A necessidade de atender às demandas de uma ampla base de apoio obriga as gestões em diferentes esferas de governo a ampliar espaços na administração para acomodar aliados, tornando difícil a manutenção de uma máquina pública enxuta. No Governo Federal, são 39 ministérios, enquanto o Governo do Estado conta com 20 secretarias. Para facilitar a indicação de lideranças que o apoiaram na campanha, o governador Camilo Santana chegou a transformar quatro órgãos apenas vinculados em pastas com orçamento próprio.
Nas gestões municipais, o cenário é semelhante. A ausência de critérios técnicos para a formação de secretarias na organização administrativa de prefeituras do Interior faz com que a quantidade de pastas ativas nos menores municípios do Estado seja quase a mesma de grandes colégios eleitorais.
Num cenário de limitações orçamentárias em que se discute a necessidade de se reduzir o tamanho da máquina pública, a realidade cearense denuncia que algumas gestões seguem caminhos opostos.
A criação de secretarias em pequenos municípios cearenses diverge de estratégias adotadas até no âmbito da Prefeitura de Fortaleza e do Governo do Estado, chamando atenção para a falta de organização administrativa mais planejada para gerir os poucos recursos disponíveis.
Despesas
Os municípios de Baixio e Ererê têm quantidades aproximadas de seis a sete mil habitantes e ambos compõem a lista das menores cidades cearenses. De acordo com o portal da transparência do Tribunal de Contas dos Municípios (TCM), os gastos em 2014 das duas gestões alcançaram R$ 15,3 milhões cada. A diferença é que a Prefeitura de Ererê dividiu as despesas entre sete secretarias, enquanto a Prefeitura de Baixio precisou distribuir o orçamento em 12 pastas.
A Prefeitura de Baixio conta com uma estrutura para a manutenção de uma Secretaria de Transportes, órgão inexistente até na organização administrativa de Fortaleza. A gestão do Município também mantém uma Secretaria com orçamento próprio voltada exclusivamente para assegurar políticas públicas para a Juventude, pasta incomum na composição da maioria das gestões do Interior do Estado.
A Prefeitura de Granjeiro, apesar de gerir um Município com cerca de 4,5 mil habitantes, conta com um número de secretarias superior à quantidade adotada pelas gestões de Itapipoca e Maranguape. A organização administrativa é dividida em 12 secretarias e, assim como na maioria das cidades cearenses, é possível constatar excessos. A estrutura do Governo do Estado, por exemplo, uniu as pastas da Agricultura e da Pesca, mas as duas áreas contam em Granjeiro com secretarias específicas.
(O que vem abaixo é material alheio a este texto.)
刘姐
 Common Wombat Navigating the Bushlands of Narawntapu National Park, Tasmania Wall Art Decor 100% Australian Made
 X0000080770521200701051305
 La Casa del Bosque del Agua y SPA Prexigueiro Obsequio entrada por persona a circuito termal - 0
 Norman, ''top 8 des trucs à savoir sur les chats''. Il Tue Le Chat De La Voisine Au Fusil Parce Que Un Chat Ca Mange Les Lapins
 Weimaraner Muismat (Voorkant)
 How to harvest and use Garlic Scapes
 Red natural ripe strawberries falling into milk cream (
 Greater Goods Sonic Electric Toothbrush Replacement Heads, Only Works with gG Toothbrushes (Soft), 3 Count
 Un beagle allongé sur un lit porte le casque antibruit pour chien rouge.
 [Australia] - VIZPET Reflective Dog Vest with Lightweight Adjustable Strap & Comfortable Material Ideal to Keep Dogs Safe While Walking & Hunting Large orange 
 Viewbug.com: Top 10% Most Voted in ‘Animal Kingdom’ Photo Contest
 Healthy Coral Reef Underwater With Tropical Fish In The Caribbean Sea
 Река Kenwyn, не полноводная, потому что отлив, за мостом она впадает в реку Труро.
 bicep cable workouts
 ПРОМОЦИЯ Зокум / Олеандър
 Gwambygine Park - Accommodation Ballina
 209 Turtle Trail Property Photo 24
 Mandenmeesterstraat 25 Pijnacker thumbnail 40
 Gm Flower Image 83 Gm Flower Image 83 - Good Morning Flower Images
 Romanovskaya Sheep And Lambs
Para Matias Pereira, especialista em administração pública da Universidade de Brasília (UnB), o cenário reflete uma realidade nacional em que os gestores estão muito mais preocupados com a sobrevivência política no momento da organização administrativa do que com a formação de uma estrutura que os ajudem a fazer uma boa gestão.
Restrição
“Na administração pública, toda vez que você tem que adotar medidas de restrição, enfrenta enormes dificuldades com seus aliados e com toda a estrutura que está se beneficiando daquelas distorções. Esses dirigentes não têm nenhum compromisso com uma boa gestão. Eles estão trabalhando para manter um status quo e para sobreviver politicamente”, detalha.
Matias Pereira ressalta que, do ponto de vista da gestão pública, manter grande número de secretarias sem levar em consideração o tamanho do município não tem sentido, mas destaca que a influência do patrimonialismo na política brasileira justifica essa realidade.
“O público e o privado se confundem. Uma Prefeitura pequena com uma infinidade de secretarias que, no seu conjunto, acaba pesando no orçamento é algo, do ponto de vista da gestão pública, irracional e sem sentido. Mas é nessa situação que você abriga seus aliados, cabos eleitorais, parentes”, salienta.
O especialista em administração pública analisa o impacto na qualidade dos serviços públicos prestados na medida que a organização da estrutura administrativa é prejudicada. “Quando se tem uma secretaria inchada, na verdade é um cabide de empregos, um local de acomodação de servidores. Quando tem uma situação dessa, acaba não tendo condições de devolver serviços de qualidade à população, porque a maioria é despreparada, não tem condição de estar no serviço público”, avalia.
Travada
O professor acrescenta que a desorganização administrativa não é exclusividade de gestões de pequeno e médio porte e destaca que a influência política também afeta a estruturação de grandes governos. “O Brasil tem 39 ministérios e a gestão pública está totalmente travada. É um Estado inchado com cargos em comissão alocados apenas pelo critério política. Há a necessidade de a sociedade e de essas populações se organizarem no sentido de se posicionar contra esses gestores”, completa.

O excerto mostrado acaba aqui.